Der Völkermord der Serben an den Kosovaren ist darüber hinaus anerkannt und hat in der erwähnten UN-Resolution gegipfelt. Der von den Russen bemühte "Völkermord" an Osseten durch das georgische Militär werde etwa von der Menschenrechtsgruppe Human Rights Watch nicht bestätigt, meinte der zuständige US-Abteilungsleiter im Außenministerium, Matthew Bryza. Um maximal 100 Tote handle es sich statt der von Russland ins Treffen geführten 2000.

Wenn Moskau seine Anerkennung von Südossetien und Abchasien als unabhängige Staaten als legal im Sinne des Völkerrechts betrachtet, weil der Kosovo der Präzedenzfall sei, so müsste es genau diesen logischerweise ebenso als legal betrachten.

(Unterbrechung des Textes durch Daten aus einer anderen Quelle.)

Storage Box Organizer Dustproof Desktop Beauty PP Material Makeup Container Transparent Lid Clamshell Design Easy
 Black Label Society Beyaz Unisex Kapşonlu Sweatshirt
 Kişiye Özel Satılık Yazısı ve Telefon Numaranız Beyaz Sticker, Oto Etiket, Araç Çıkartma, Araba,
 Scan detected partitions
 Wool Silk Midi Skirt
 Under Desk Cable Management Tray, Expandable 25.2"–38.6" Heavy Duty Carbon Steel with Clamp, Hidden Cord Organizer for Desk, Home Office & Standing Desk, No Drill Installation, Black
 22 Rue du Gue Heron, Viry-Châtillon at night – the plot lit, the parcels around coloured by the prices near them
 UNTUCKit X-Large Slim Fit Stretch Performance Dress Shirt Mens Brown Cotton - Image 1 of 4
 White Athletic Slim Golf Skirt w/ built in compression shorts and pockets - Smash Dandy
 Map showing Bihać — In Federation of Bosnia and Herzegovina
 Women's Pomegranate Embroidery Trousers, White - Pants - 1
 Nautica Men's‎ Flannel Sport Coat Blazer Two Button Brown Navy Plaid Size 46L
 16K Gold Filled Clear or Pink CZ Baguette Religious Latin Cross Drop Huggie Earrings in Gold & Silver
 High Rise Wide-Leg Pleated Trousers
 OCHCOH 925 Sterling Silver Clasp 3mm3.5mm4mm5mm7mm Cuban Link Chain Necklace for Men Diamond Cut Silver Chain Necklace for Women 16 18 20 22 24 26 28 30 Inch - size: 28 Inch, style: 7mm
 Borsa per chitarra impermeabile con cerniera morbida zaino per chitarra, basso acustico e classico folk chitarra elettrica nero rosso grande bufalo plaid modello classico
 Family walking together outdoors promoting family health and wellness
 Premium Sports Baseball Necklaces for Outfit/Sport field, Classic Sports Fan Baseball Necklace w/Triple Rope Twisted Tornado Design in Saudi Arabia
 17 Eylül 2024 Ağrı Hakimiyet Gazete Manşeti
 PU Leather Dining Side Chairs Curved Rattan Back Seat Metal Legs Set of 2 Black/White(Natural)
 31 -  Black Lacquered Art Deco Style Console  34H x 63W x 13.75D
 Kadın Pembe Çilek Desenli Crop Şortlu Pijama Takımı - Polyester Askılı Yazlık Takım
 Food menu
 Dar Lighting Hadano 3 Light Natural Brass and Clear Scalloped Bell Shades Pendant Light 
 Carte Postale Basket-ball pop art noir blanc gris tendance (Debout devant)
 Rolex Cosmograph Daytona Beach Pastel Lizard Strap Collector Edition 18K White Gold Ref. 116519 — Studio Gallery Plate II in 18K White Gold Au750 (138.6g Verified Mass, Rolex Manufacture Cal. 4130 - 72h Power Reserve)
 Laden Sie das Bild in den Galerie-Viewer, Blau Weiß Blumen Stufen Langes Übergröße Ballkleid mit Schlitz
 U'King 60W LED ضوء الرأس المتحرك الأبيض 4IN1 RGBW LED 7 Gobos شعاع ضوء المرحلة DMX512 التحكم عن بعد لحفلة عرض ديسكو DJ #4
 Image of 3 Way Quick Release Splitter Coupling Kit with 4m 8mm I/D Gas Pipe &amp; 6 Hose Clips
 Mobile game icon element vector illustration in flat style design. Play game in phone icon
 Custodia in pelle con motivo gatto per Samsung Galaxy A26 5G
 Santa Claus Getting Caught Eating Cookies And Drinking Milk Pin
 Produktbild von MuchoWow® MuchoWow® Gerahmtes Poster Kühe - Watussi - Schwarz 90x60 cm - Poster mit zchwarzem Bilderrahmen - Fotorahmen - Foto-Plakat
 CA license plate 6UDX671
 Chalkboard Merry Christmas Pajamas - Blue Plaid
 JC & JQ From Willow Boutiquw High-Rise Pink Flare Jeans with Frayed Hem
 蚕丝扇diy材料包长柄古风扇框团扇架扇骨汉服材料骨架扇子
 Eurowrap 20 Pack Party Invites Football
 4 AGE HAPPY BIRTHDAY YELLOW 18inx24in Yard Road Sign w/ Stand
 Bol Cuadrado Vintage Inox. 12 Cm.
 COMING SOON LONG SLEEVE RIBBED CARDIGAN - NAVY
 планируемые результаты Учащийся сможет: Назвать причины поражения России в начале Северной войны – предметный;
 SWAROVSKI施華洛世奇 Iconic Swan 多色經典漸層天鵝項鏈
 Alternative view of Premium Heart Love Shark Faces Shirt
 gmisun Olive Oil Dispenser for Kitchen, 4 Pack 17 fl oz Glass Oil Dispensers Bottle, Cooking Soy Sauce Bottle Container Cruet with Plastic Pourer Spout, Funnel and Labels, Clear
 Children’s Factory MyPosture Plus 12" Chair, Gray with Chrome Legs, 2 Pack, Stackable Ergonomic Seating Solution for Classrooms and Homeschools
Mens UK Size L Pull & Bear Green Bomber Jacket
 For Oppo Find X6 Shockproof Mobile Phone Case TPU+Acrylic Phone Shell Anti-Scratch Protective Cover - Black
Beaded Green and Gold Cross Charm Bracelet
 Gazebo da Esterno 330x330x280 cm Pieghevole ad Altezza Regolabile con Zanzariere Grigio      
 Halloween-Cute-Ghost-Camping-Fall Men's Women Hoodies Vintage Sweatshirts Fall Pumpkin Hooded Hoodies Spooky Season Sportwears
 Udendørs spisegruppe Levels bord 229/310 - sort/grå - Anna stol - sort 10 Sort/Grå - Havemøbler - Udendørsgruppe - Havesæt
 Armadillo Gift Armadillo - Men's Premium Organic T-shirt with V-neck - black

Nach der Unabhängigkeit des Kosovo habe im Westen der Ruf nach der territorialen Integrität Serbiens völlig gefehlt, monierte der russische EU-Botschafter Wladimir Tschisow. Und jetzt poche der Westen auf die Unversehrtheit des georgischen Staatsgebiets. Eine weitere Erläuterung des russischen Paradoxons lieferte der sonst um keine Erklärung verlegene Tschisow aber nicht.